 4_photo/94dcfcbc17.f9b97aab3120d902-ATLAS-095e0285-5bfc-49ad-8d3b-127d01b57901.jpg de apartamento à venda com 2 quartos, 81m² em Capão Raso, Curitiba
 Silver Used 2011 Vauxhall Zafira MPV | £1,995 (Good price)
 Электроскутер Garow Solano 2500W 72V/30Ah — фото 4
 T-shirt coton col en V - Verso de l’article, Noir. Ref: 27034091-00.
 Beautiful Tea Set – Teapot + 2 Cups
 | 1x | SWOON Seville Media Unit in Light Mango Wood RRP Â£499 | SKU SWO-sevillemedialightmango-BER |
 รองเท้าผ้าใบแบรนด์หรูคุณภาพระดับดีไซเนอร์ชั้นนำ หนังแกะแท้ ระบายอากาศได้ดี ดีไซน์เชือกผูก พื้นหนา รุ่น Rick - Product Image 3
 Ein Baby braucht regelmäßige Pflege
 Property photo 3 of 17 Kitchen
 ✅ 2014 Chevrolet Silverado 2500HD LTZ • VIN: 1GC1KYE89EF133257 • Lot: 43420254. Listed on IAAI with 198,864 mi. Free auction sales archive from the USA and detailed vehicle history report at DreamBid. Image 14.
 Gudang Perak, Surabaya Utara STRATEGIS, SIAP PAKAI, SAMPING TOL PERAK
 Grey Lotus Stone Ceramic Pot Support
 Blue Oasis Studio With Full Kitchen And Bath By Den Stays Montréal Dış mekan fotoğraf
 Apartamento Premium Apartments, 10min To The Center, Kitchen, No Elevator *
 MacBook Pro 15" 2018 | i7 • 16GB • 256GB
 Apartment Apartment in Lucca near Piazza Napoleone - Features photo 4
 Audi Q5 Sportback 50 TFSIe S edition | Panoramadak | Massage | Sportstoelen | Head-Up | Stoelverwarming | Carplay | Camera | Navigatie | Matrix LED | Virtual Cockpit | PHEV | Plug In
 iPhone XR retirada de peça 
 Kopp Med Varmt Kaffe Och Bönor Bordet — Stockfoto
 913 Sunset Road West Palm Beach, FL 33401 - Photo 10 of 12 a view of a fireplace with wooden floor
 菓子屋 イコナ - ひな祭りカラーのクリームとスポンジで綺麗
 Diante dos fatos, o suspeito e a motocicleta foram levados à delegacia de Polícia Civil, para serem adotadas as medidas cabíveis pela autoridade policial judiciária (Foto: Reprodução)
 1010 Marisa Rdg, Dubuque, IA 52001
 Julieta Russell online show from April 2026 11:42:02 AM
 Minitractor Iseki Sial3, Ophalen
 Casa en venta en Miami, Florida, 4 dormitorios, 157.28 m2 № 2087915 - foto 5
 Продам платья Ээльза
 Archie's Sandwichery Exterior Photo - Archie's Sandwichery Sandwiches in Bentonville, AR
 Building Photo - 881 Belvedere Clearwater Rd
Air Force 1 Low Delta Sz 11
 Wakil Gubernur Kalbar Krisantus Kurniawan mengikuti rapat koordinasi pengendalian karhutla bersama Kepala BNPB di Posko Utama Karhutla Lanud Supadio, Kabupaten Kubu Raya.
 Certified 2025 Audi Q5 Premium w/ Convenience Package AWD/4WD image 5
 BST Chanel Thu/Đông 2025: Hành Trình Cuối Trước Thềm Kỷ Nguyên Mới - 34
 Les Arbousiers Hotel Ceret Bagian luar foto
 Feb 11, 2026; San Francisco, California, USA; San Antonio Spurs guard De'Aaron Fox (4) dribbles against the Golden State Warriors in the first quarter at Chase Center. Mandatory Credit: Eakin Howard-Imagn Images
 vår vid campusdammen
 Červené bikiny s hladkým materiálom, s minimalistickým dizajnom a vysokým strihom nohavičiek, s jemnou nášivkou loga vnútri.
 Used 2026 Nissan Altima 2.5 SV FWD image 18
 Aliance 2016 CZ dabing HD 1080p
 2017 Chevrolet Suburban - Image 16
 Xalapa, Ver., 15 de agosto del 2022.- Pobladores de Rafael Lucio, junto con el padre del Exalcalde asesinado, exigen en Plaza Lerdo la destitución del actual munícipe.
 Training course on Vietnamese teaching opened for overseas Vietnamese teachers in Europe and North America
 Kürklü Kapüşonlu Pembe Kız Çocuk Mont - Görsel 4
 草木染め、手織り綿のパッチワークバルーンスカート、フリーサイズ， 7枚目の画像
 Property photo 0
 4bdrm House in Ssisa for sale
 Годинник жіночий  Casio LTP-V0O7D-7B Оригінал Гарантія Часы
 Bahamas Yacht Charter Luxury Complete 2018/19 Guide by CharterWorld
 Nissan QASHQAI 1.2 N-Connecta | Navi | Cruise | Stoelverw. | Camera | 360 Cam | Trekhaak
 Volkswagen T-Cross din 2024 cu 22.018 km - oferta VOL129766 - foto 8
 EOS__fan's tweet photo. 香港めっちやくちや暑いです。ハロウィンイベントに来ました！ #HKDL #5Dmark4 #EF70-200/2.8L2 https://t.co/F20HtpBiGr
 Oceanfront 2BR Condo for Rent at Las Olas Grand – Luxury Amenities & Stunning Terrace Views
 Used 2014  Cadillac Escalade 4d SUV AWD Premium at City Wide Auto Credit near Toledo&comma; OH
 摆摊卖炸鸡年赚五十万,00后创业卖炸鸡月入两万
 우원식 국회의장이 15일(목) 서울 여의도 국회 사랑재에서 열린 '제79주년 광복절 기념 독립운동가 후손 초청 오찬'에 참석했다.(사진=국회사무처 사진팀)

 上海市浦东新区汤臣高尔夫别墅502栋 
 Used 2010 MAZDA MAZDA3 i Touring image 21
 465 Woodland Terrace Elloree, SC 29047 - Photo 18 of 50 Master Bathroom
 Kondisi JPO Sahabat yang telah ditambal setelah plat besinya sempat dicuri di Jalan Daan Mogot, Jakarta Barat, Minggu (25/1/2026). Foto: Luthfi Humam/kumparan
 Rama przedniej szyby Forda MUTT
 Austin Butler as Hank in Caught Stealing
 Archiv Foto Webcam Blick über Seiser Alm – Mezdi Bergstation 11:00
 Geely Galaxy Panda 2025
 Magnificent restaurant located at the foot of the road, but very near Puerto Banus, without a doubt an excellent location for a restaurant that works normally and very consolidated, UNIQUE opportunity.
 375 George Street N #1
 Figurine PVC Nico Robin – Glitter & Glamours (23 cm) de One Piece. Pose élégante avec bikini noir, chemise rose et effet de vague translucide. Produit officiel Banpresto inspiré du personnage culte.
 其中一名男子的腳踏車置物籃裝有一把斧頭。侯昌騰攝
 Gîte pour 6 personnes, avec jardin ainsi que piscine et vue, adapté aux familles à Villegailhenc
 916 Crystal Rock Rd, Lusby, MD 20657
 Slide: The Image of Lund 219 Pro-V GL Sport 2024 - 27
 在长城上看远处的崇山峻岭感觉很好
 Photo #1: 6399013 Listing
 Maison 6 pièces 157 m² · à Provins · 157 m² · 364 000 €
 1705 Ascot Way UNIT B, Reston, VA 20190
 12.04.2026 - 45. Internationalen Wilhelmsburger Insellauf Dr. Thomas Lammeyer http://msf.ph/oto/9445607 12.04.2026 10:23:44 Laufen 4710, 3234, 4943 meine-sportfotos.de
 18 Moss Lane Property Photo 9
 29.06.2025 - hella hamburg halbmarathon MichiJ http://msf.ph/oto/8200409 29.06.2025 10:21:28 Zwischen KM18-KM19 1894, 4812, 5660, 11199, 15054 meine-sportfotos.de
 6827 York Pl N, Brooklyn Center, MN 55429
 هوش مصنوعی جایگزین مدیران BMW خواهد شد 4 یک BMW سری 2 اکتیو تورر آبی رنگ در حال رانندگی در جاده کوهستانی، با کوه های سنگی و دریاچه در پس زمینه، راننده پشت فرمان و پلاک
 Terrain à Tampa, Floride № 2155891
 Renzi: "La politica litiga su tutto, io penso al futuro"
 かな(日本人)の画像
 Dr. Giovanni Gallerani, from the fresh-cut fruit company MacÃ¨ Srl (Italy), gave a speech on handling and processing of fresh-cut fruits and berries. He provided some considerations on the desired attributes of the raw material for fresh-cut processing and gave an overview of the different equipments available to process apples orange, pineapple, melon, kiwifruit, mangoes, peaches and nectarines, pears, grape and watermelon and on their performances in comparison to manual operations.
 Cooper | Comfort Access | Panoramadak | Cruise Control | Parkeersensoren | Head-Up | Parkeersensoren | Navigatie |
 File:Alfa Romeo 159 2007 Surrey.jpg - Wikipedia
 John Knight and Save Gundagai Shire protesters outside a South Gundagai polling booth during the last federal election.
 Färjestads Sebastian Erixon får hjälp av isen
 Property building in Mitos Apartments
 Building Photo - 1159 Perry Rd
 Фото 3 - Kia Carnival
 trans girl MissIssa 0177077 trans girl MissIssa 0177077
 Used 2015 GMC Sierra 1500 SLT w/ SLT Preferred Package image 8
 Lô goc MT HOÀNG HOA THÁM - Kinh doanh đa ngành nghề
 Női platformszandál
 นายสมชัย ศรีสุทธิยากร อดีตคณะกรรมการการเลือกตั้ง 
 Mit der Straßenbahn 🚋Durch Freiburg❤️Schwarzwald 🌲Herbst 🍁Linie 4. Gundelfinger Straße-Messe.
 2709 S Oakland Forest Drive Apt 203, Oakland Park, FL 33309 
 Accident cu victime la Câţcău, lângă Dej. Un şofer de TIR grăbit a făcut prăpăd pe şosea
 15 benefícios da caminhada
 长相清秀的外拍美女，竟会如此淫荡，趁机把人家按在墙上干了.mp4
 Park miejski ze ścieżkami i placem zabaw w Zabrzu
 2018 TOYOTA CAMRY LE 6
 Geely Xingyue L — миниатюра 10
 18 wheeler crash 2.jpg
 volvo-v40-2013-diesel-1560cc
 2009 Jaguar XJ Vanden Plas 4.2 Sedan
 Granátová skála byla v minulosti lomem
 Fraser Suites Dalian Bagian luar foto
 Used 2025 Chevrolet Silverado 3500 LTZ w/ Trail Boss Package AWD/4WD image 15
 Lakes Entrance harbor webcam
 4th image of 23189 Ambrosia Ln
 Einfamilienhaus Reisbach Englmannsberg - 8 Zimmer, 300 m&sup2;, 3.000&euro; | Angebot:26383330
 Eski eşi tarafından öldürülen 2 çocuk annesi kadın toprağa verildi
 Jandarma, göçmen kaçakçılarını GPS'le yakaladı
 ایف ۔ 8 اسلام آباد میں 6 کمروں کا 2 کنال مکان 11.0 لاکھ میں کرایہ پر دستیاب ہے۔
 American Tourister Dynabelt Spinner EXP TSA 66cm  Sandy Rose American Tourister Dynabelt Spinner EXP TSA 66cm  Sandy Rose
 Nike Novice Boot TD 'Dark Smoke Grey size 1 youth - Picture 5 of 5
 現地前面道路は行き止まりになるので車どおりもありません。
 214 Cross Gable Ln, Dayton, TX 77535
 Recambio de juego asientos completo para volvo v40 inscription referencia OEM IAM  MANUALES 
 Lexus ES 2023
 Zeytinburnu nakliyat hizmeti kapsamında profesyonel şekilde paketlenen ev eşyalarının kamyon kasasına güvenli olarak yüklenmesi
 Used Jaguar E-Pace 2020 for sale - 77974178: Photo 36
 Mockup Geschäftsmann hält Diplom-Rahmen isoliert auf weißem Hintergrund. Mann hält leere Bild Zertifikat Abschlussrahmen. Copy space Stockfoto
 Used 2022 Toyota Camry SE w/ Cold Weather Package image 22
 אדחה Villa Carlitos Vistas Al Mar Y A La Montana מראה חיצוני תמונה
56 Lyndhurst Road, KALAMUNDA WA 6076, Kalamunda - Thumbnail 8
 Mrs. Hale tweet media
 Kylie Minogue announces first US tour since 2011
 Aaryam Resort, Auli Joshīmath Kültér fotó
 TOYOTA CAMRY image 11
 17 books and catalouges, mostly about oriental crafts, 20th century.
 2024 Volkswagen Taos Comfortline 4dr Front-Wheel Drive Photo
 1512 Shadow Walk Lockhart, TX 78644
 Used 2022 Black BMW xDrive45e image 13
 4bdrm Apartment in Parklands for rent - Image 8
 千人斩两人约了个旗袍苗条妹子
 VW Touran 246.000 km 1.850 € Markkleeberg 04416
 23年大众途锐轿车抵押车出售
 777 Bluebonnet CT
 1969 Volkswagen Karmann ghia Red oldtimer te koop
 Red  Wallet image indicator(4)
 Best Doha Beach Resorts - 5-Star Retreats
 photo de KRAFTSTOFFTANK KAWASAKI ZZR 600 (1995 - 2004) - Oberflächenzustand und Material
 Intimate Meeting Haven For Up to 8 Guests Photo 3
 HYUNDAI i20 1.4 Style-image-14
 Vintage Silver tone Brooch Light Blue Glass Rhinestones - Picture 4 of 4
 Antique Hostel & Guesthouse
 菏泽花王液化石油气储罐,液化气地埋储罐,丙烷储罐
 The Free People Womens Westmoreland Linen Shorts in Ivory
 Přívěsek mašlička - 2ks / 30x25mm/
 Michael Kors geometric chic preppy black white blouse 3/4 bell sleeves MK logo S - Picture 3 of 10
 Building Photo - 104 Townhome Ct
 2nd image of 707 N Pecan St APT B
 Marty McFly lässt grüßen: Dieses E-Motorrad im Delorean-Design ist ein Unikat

########

▶ Your goal
Only a number is expected here: the count of lines in the records above that include the word "Kitchen".

▶ Answer to this exercise
3